MakerDAO / Sky: Real-World Yields in DeFi
MakerDAO, which rebranded to Sky in 2024, operates fundamentally differently from Aave and Compound. Rather than matching lenders and borrowers, Maker allows users to lock collateral in "Vaults" and mint DAI (now also USDS) stablecoins against it. The protocol earns revenue through stability fees charged to vault owners.
Maker's TVL of approximately $12 billion includes a unique asset mix. Roughly 40% of DAI backing comes from real-world assets (RWAs), including US Treasury bills held through entities like BlockTower Credit and Monetalis Clydesdale. This RWA integration generates consistent yield that funds the Dai Savings Rate (DSR), currently set between 5.0% and 8.0% depending on governance decisions.
The DSR is the primary yield mechanism for passive MakerDAO participants. By depositing DAI into the DSR contract, users earn yield funded by stability fees and RWA income. This rate has been among the highest in DeFi for stablecoin deposits, though it carries exposure to RWA credit risk that pure on-chain protocols avoid.
Maker's governance history includes a significant stress event: the "Black Thursday" liquidation crisis in March 2020, where rapid ETH price declines overwhelmed the auction system and created approximately $6 million in bad debt. The protocol has since implemented emergency shutdown mechanisms, improved oracle systems, and diversified its collateral base to mitigate similar risks.
Risk Assessment: What Could Go Wrong
Each protocol carries distinct risk vectors. For Aave, the primary concern is cross-collateral contagion. A sharp depeg in a supported asset (such as a liquid staking token like stETH) could cascade into liquidation failures and bad debt across multiple markets. Aave's isolation mode mitigates this for newer assets, but legacy markets retain pooled risk.

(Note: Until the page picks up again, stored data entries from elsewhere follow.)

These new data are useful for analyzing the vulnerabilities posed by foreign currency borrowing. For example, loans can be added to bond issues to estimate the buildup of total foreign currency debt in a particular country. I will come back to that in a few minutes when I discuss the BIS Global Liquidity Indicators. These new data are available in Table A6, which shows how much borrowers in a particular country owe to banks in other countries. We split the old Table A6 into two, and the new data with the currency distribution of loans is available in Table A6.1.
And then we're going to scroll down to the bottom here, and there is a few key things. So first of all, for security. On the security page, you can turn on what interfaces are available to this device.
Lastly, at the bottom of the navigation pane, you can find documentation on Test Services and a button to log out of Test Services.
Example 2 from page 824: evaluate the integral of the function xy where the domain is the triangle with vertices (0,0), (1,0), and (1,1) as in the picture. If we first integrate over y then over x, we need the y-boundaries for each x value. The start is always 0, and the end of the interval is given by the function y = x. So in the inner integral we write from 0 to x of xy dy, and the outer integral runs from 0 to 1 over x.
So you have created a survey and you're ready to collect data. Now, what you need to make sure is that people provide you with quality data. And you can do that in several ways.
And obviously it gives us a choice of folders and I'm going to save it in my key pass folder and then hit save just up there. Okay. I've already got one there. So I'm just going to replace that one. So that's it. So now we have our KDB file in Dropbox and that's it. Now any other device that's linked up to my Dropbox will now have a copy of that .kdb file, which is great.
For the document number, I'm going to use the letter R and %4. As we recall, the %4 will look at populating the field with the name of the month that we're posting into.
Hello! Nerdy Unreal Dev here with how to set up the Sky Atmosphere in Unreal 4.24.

Compound III's risk is concentrated in smart contract vulnerability. Because the protocol's architecture is simpler, the attack surface is smaller, but a critical bug in the Comet contract could affect all markets simultaneously.

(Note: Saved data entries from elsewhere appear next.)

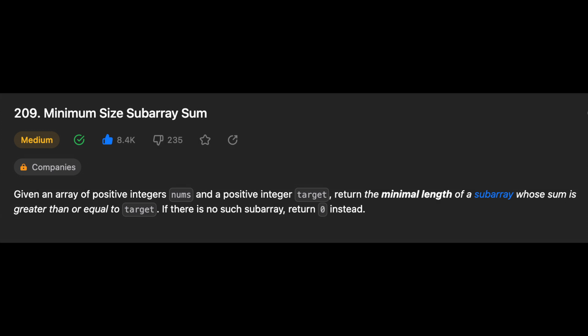Another day, another problem — so let's solve it! Hello guys, I hope you are all doing well. Today in this video we're going to solve the problem: Minimum Size Subarray Sum. Let's get started by reading the problem. Given an array of positive integers nums and a positive integer target, return the minimum length of a subarray whose sum is greater than or equal to the target. If there is no such subarray, return zero instead.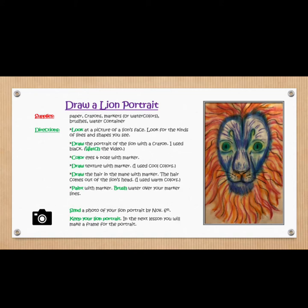Make sure you watch the video. Color the eyes and nose with a marker. Draw a texture with a marker — I used cool colors. Draw the hair in the mane with a marker. The hair comes out of the lion's head. I used warm colors.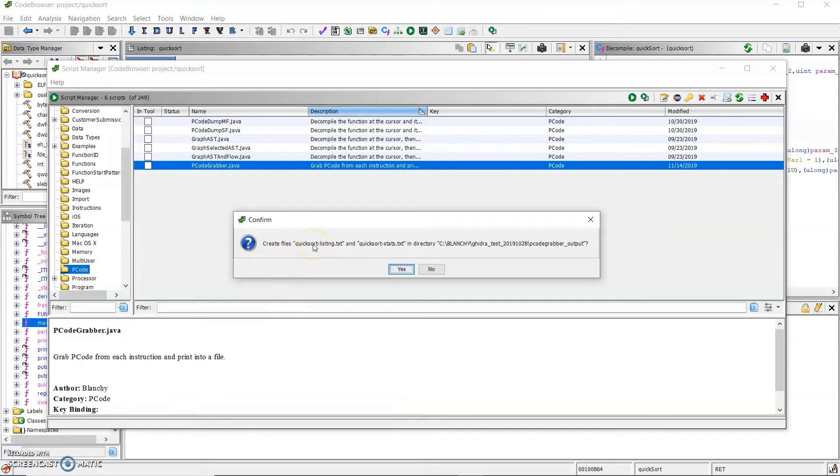It will create two files, listing and stats, which I'll go over shortly.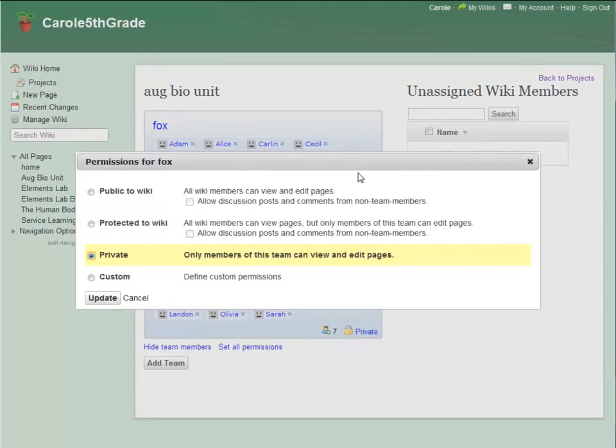In my hypothetical class, students use comments for peer review. Public2Wiki could work well for this, because it allows all wiki members and only wiki members to view and edit team pages. And I could check this box to give reviewing students permission to add comments.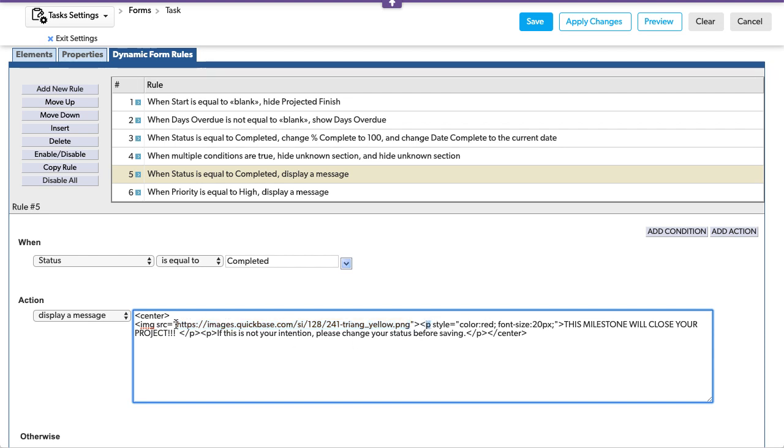So once we close this p tag off and we started a new paragraph, this stripped away the style and we went back to the black color.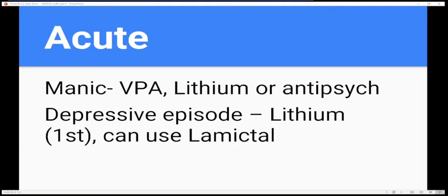For acute bipolar manic episodes, you can use VPA or lithium or other antipsychotics. For depressive episodes, lithium is usually first line, then Lamictal.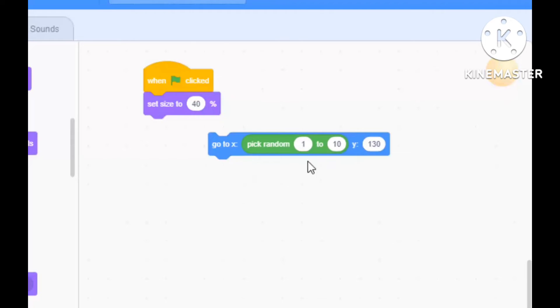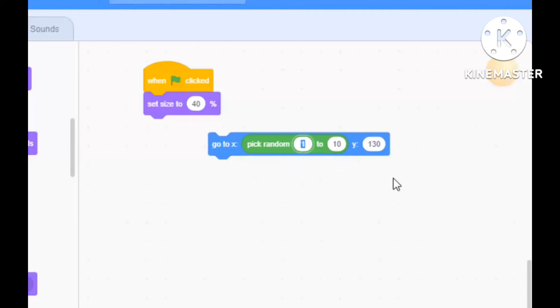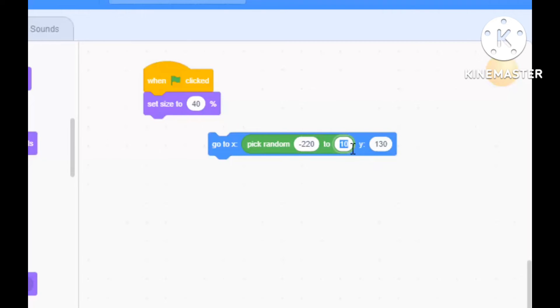Pick random needs to go in there, but those two numbers need to change from minus 220 all the way to plus 220, and the Y I think I'm going to run with 170.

MakerDAO's RWA exposure introduces traditional credit risk into a DeFi context. If a RWA counterparty defaults or regulatory action freezes RWA assets, the protocol could face a shortfall in DAI backing. This is a fundamentally different risk category from the smart contract and oracle risks that purely on-chain protocols face.

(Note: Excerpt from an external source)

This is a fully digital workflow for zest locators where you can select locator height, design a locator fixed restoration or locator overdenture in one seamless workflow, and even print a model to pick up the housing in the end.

All three protocols share common risks: oracle manipulation, governance attacks (where an entity acquires enough tokens to pass malicious proposals), and smart contract vulnerabilities in underlying dependencies (such as the EVM itself). Users should diversify across protocols and limit exposure relative to their total portfolio.
What This Means for Investors
DeFi lending offers yields that exceed traditional fixed-income instruments, but the risk profiles are qualitatively different. The 4-6% yields available on stablecoin deposits in these protocols come with smart contract risk, regulatory risk, and platform-specific risks that traditional savings accounts do not carry.
For conservative DeFi participants, Compound III's isolated market structure offers the most predictable risk model. Aave provides better yields and flexibility for users comfortable with pooled risk. MakerDAO's DSR appeals to those seeking higher yields and willing to accept RWA credit exposure.
The optimal strategy for most users involves diversifying deposits across at least two protocols, using only audited and battle-tested markets, and maintaining a portion of stablecoin holdings in self-custody as a risk buffer. Monitor governance proposals actively, as parameter changes (interest rate curves, collateral factors, liquidation thresholds) directly impact both yields and risk exposure.
Disclaimer: This article is for informational purposes only and does not constitute financial advice. Always consult a qualified financial advisor before making investment decisions.